July: The Future (2011)

Miranda July’s second film is just as haunting and melancholy as her debut. Originally titled Satisfaction, it’s about a couple in their mid-thirties – Sophie (July) and Jason (Hamish Linklater) – who decide to cement their relationship by adopting a stray, injured kitten named Paw Paw, who narrates the film, and is voiced by July. They’re given one month to get their lives in order while Paw Paw is recovering at the vet, and it quickly comes to feel like the last month before the future arrives in its entirety, the last month in which the present and future are distinct from each other. Almost as soon as the film starts, the present and future start to fuse and petrify into something else, eventually splitting Sophie and Jason into the present future and the future present, as they embark upon a pair of diverging universes and timelines. That creates something of an apocalyptic atmosphere, the dissolution of time that signals the arrival of end time, but by taking end time as literally and matter-of-factly as possible, July creates quite an unusual apocalypse – this vision of L.A. just gets quieter and quieter, cuter and cuter, like a tablet that goes out of date the moment you start using it. Nowhere in July’s oeuvre is cuteness quite as disempowering as it is here – everyone and everything is too swathed in adoration and warmth, too connected to all the manifold presences stroking and petting our every move, to have any kind of autonomy.
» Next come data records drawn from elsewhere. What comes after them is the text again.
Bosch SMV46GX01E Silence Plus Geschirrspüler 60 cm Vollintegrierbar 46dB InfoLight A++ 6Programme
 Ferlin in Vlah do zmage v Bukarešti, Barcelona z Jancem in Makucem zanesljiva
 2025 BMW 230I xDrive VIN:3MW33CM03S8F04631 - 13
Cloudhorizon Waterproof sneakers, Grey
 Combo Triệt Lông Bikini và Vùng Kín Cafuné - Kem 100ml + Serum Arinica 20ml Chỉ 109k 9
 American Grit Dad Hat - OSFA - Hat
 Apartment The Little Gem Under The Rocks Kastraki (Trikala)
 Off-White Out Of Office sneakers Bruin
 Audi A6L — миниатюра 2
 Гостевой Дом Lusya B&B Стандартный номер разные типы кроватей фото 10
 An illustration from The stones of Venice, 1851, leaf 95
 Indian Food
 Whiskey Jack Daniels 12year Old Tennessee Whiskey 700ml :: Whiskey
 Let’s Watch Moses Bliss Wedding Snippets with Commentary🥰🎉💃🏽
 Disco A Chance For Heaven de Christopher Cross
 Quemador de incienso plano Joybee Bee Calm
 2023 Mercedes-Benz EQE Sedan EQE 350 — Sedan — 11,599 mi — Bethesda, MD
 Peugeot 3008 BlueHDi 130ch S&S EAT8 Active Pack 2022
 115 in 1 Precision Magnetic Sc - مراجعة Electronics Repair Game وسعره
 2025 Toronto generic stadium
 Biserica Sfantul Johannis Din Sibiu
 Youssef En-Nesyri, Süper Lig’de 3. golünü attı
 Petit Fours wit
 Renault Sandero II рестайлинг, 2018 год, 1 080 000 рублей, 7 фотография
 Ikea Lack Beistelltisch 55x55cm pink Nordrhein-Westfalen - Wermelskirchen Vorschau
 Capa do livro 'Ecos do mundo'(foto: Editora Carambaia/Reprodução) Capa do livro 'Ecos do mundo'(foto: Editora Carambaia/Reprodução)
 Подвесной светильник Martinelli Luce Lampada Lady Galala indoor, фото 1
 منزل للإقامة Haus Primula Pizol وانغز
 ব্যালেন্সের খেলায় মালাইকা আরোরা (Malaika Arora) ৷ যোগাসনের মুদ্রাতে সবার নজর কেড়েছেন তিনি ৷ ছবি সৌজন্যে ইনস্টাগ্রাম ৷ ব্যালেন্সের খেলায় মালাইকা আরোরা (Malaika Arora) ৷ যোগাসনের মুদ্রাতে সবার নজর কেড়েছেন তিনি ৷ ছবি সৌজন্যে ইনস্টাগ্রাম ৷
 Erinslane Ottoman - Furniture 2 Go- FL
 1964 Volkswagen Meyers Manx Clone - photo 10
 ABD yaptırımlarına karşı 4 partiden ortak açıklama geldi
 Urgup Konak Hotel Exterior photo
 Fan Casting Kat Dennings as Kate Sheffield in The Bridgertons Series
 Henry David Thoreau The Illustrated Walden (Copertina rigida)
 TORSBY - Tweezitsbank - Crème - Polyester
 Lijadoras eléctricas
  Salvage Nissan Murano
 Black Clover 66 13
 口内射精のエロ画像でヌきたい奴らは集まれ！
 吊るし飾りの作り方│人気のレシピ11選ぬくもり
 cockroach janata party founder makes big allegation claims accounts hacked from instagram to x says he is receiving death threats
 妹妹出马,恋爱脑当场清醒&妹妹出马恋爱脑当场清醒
And as the apocalypse approaches, July imperceptibly morphs with all the tchotchkes littering her apartment, in a kind of becoming-doll that cries out for the poses, postures and blocking of performance art as much as cinema. From that perspective, it’s more like Paw Paw adopts Sophie and Jason than vice versa, perhaps explaining why it’s so difficult to figure out whether we’re seeing things from Paw Paw’s perspective or July’s. And the perspective of Paw Paw-July creates an L.A. ensemble drama that’s perhaps even more original than Me and You and Everyone We Know – in a world without a future, there’s simply no difference between incidental encounters and the relationships they might have become, or the allegories they might have told, literalising the most amorphous of American cities into a sprawl of permanent moments.